Our bedtime routine, now a month into big kid beds, has not improved. If anything, it’s worsened. Particularly since they won’t nap for us on the weekends now (they do it just fine for my nanny of course). Bray and I have somewhat different theories on how to resolve the issue. My theory is throw the little lady and baby back in cribs because at least when we had cribs only the eldest could get out once we put the mattress on the floor. It seems to me this is the only way to preserve our sanity (and get some rest). His theory is to beat them at this game because to revert back to cribs would only show that we’ve lost to them. I think we both have valid points.
Now they can climb over the safety gate that traps them inside their room. This is our last defense. Their door won’t stay shut since we’ve disabled the locks (so they can not, once again, lock themselves into their bedroom), so the fairly indestructible safety gate is what contains them for the two hours or so that they play and jump and destroy their room instead of going to bed. They started escaping this weekend. They help one another over the gate and leave the eldest to get out last because he’s the most capable of escaping on his own. They’ve gotten into serious trouble for this, and both Bray and I have taken turns at being the heavy in response.

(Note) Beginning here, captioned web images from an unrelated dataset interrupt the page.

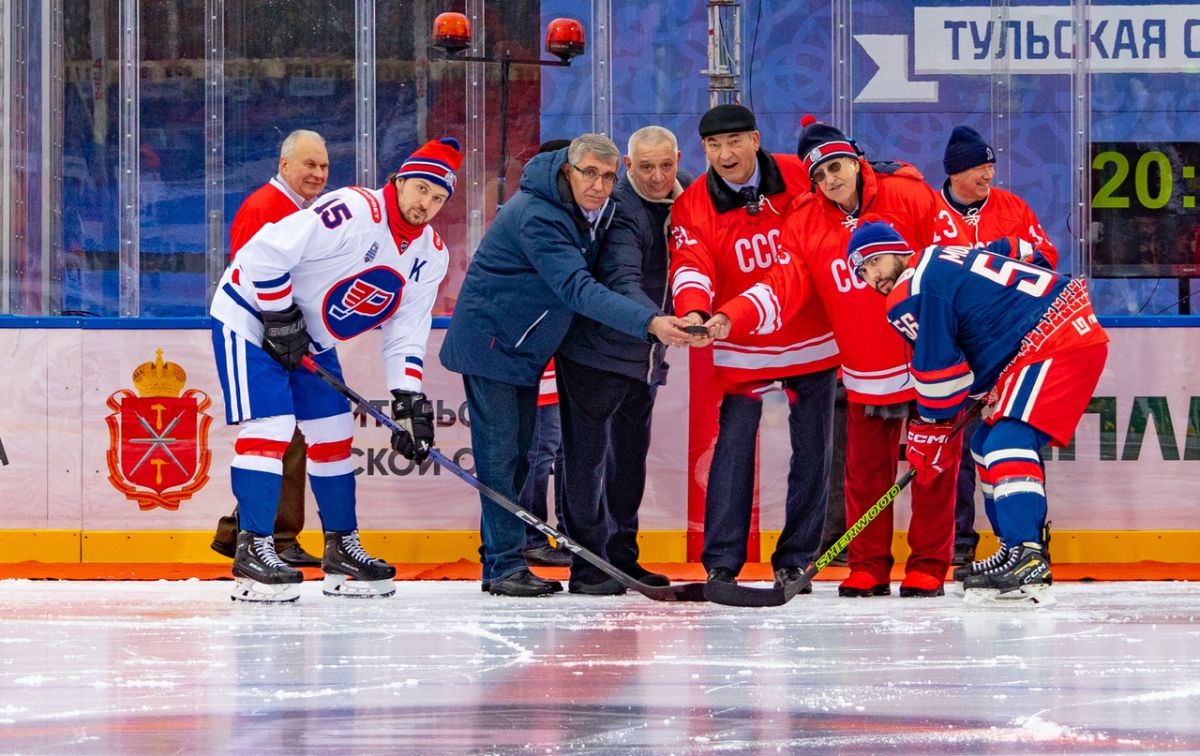 В Туле воспитанники детской школы «Академии Михайлова» встретились с хоккеистами Суперсерии 1974 года В Туле воспитанники детской школы «Академии Михайлова» встретились с хоккеистами Суперсерии 1974 года
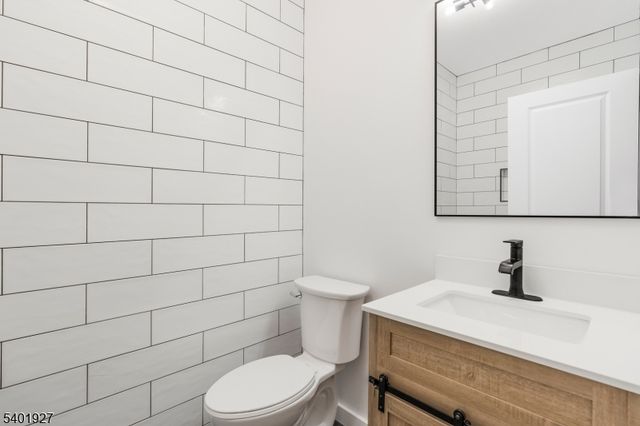 9 Voorhees St, Newark City, NJ 07108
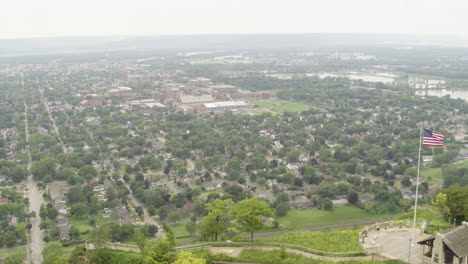 View-from-Grandad-Bluff-in-La-Crosse,-Wisconsin,-overlooking-city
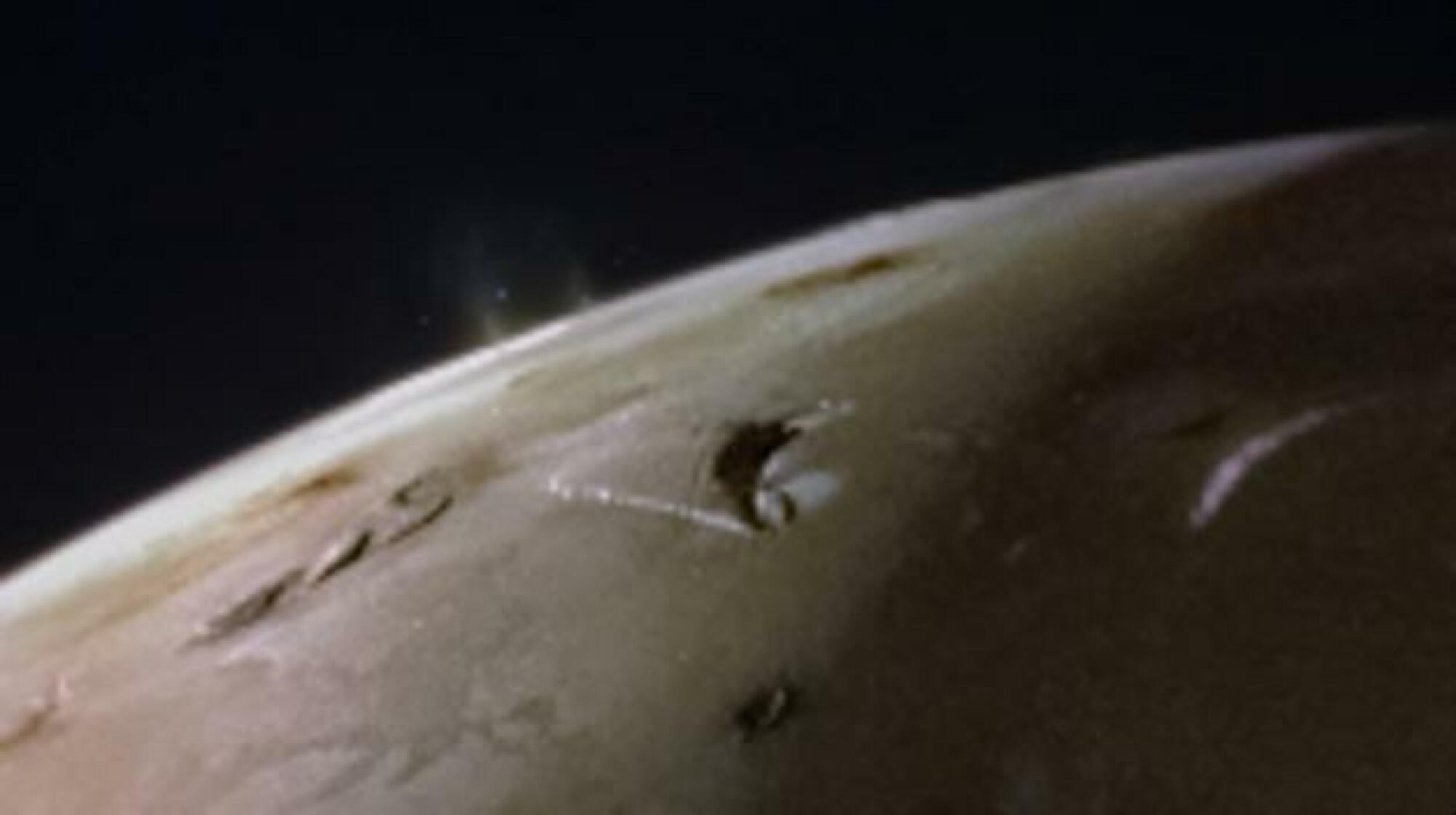 Juno capturing volcanic plumes on Io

Last night, it was nearly 9 p.m. and I was sitting in the comfy chair in the family room cutting and labeling their Easter pics (which we had taken this past weekend) for mailing to family and enjoying a little brainless t.v. with a glass of wine. I was actually fairly immersed in the task at hand and had largely tuned out the mayhem in the other room (I can hear it through the house, but not through the monitor because they’ve destroyed that). But then I heard a little sound that seemed a lot closer to me than their bedroom all the way down the hall. I looked up and saw the baby sitting on the small sofa in the living room, leaned back, legs kicked up, ankles crossed. He looked at me, grinned, and waved.
Smiling defiance. Defiance is not an evil three-headed boil-encrusted monster in our house. It comes in the form of some darn cute toddlers. But it is still defiance, regardless of the preciousness of the exterior package. He had gotten out of bed, despite orders, climbed over the safety gate, despite orders, and run into the room to climb on the couch and enjoy a little late night t.v., despite orders. I couldn’t laugh despite my natural inclination. Because, truly, it was funny. But it also was naked disobedience. And the baby is the absolute worst right now at this tactic. Pulling the most charming adorable tools out of his toddler box and employing them while doing the exact opposite of what he has been expressly instructed/warned/threatened not to do. All to show that he can do exactly what he wants to do all by himself.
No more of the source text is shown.